Parkinson’s disease demonstrates PERK-ATF4 dominance with mitochondrial focus and HRI-dependent mitophagy activation [52]. The PERK-ATF4 pathway initially promotes survival through Parkin transcription, representing protective responses to mitochondrial stress and oxidative damage [53]. However, excessive ATF4 activity promotes pro-apoptotic factors including CHOP and Trib3, contributing to dopaminergic neuronal death [54].
Amyotrophic lateral sclerosis (ALS) presents predominantly PERK-mediated ISR activation with motor neuron-specific vulnerability patterns [55]. Motor neurons show elevated p-eIF2α, ATF4, CHOP, and BiP, with protein aggregation involving TDP-43, SOD1, and FUS triggering ISR activation [56]. Fast-fatigable motor neurons demonstrate greater vulnerability than slow motor units, suggesting cell-type-specific susceptibility [57].
A unifying theme across neurodegenerative diseases involves ISR transition from protective to pathological over time [58]. This temporal switch likely explains conflicting research findings and highlights why therapeutic timing is crucial for clinical success.
The context-dependent nature of ISR activation across different disease categories is illustrated in Figure 2. Despite sharing common eIF2α phosphorylation mechanisms, ISR produces dramatically different pathological outcomes depending on cellular context, disease progression, and tissue-specific factors. This mechanistic complexity provides crucial insights into why disease-agnostic ISR therapeutic approaches have faced significant challenges in clinical translation, emphasizing the need for precision medicine strategies that account for disease-specific ISR manifestations.

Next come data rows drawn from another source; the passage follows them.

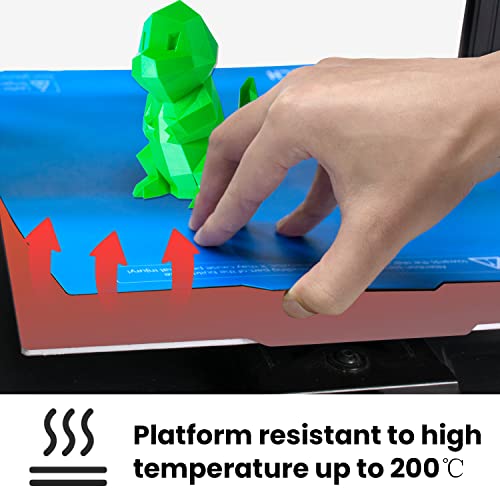 Piatto stampante 3d Giantarm,Piattaforme per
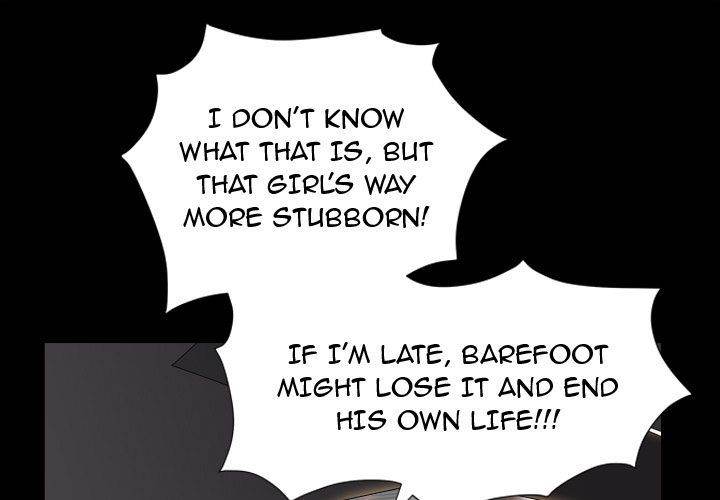 Barefoot : The Leash Season 2 chapter 15 page 1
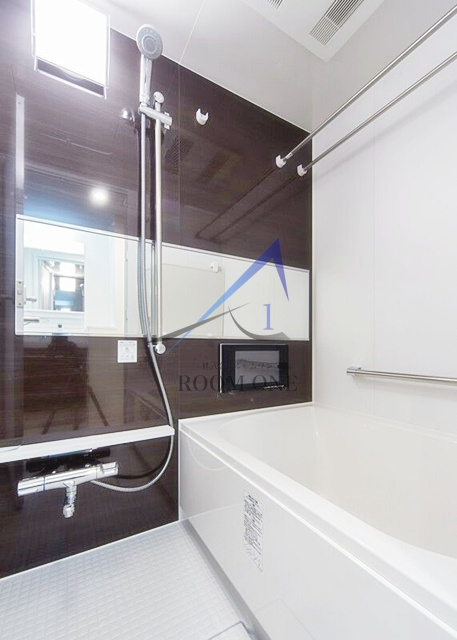 エステムプラザ川崎の浴室|お風呂です。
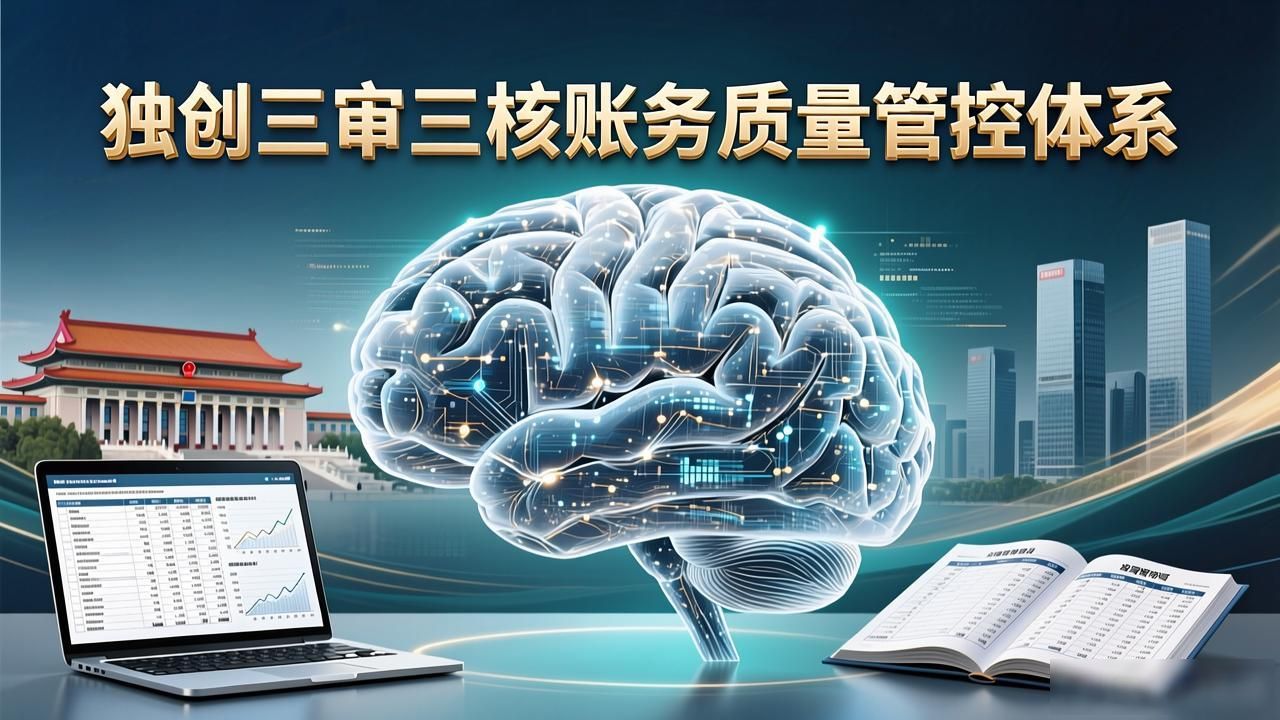 2026青岛代理记账公司八大品牌口碑排行推荐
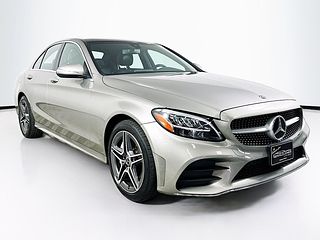 Thumbnail - 2020 Mercedes-Benz C-Class
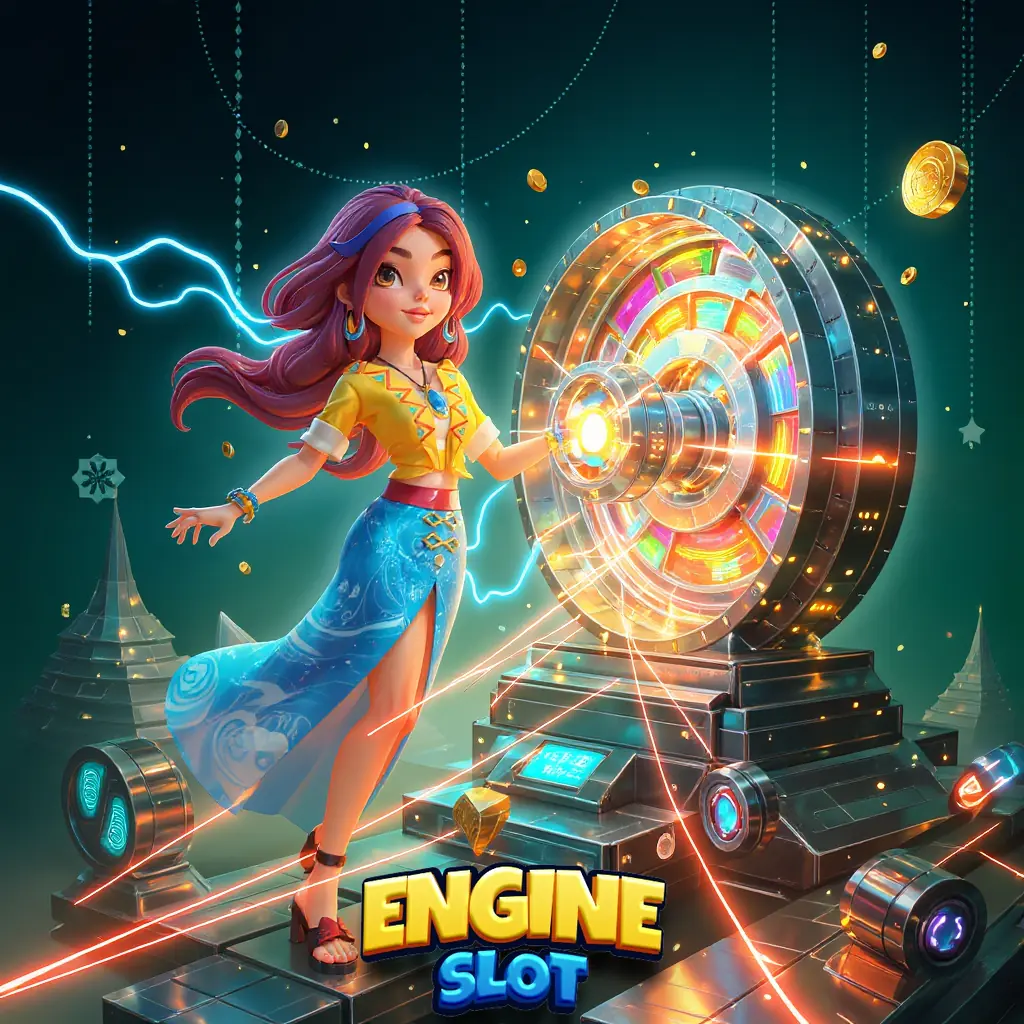 ENGINE SLOT Apk APK 23.8 (New Version) Hack Slot IzinGedung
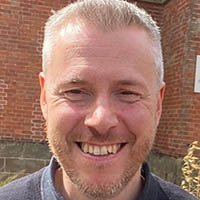 Peter Halifax headshot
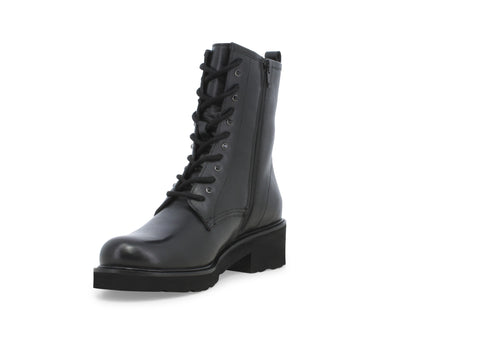 Melluso female Stivaletti Pelle 034324W-247370 Nero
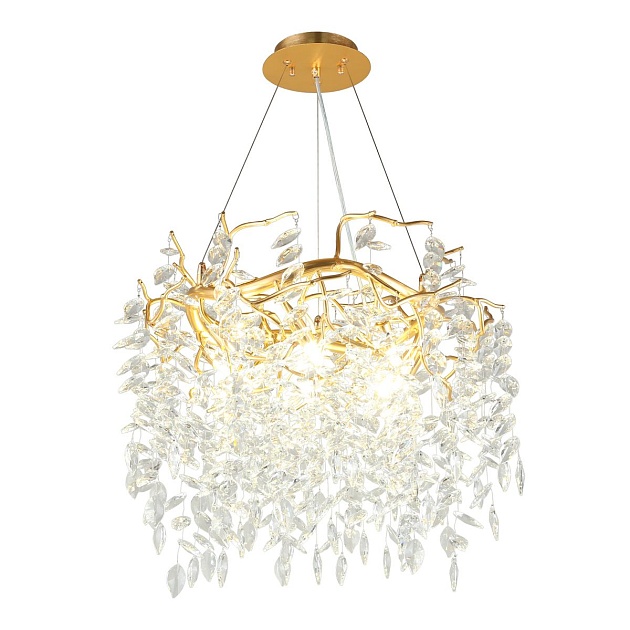 Подвесная люстра Aployt Gertunia APL.847.03.10 Фото № 1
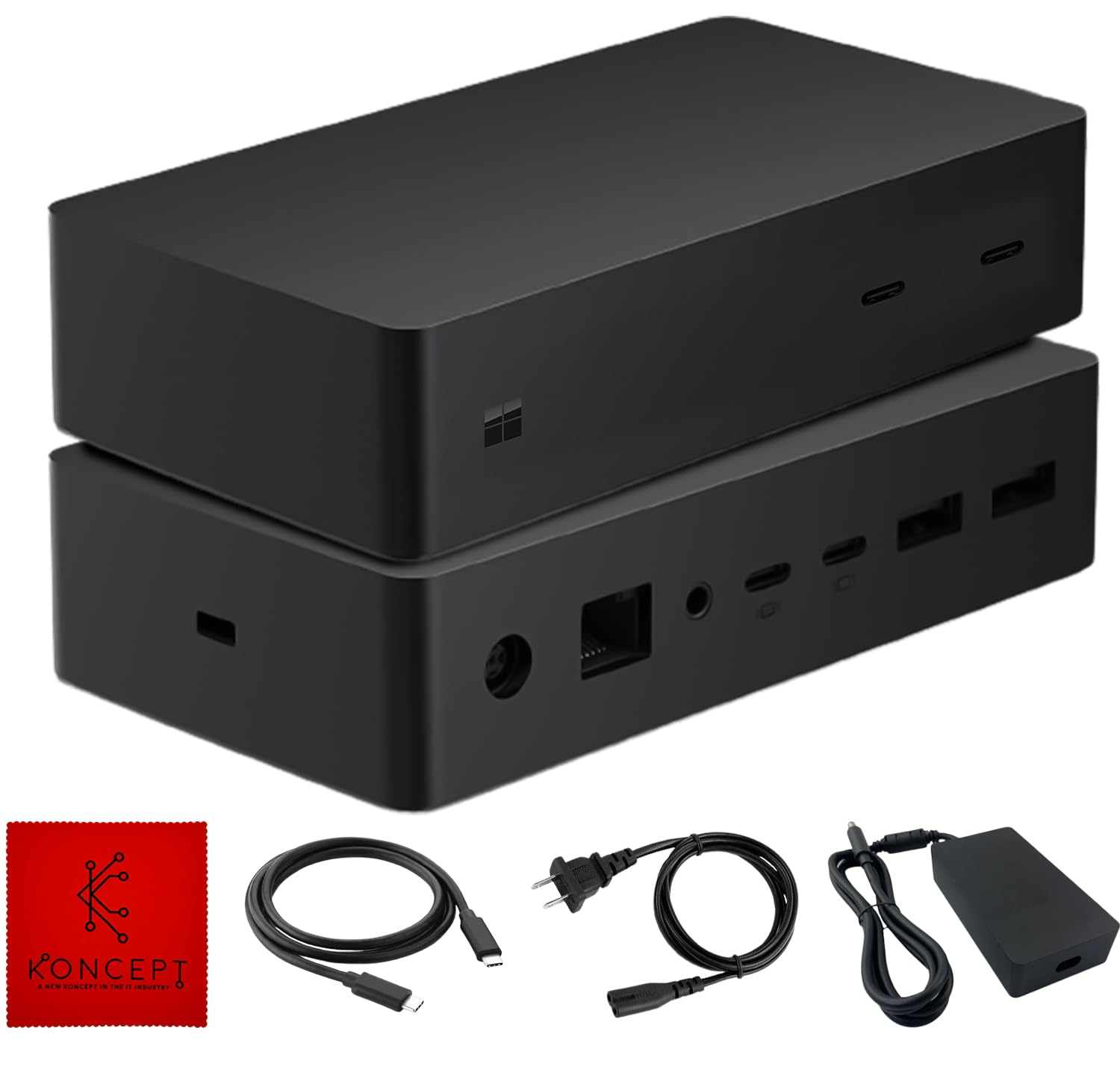 Amazon.com: Microsoft Surface Dock 2 1GK-00001 - Surface Pro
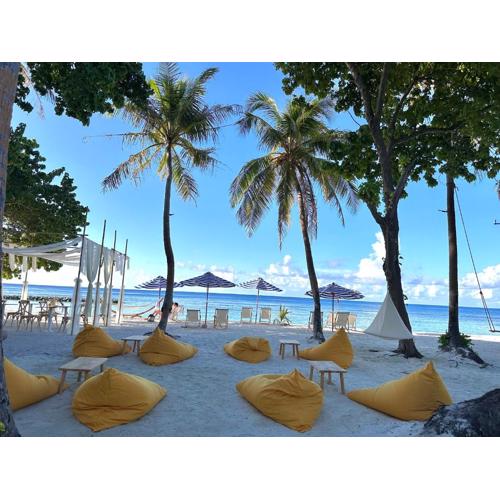 Galaxy Sunrise Sea View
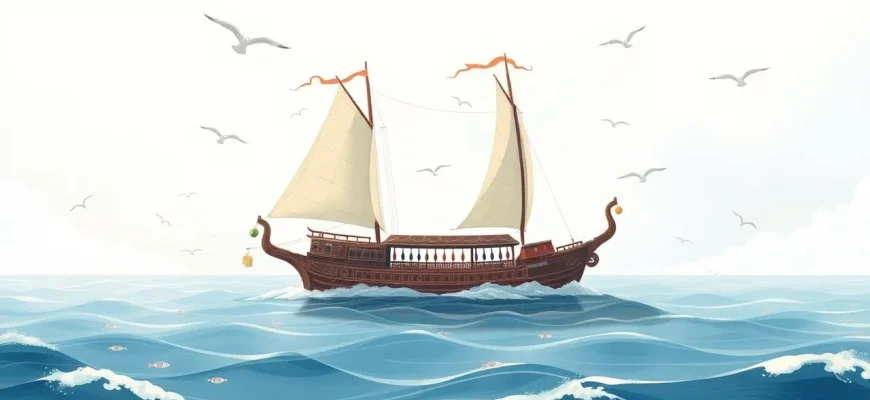 Historische Seefahrten von Zheng He: 10 Filme, die Sie sehen müssen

5.2. Cancer Biology and Metabolic Reprogramming

Cancer biology reveals complex ISR roles in tumor progression, serving both tumor-suppressive and promotional functions depending on cellular context and oncogenic drivers [58]. In KRAS-driven lung adenocarcinoma, ISR promotes tumor growth and survival by enabling adaptation to hostile tumor microenvironments characterized by nutrient deprivation, hypoxia, and metabolic stress [59]. ISR facilitates metabolic reprogramming necessary for cancer cell survival while promoting therapeutic resistance and immune escape through PD-L1 upregulation [60].
Conversely, ISR can function as a tumor suppressor when activation levels exceed cellular tolerance [61]. Excessive ISR activation overwhelms adaptive mechanisms, promotes apoptosis through CHOP upregulation, and sensitizes cancer cells to therapeutic interventions [62]. This dual role creates opportunities for context-dependent therapeutic strategies where ISR inhibition may benefit some cancer types while ISR activation could be advantageous in others [63].
Cancer stem cells preferentially utilize ISR for survival under stress conditions, with higher baseline ISR activity correlating with therapeutic resistance [64]. This finding suggests that ISR-targeted approaches may be particularly effective against treatment-resistant cancer populations.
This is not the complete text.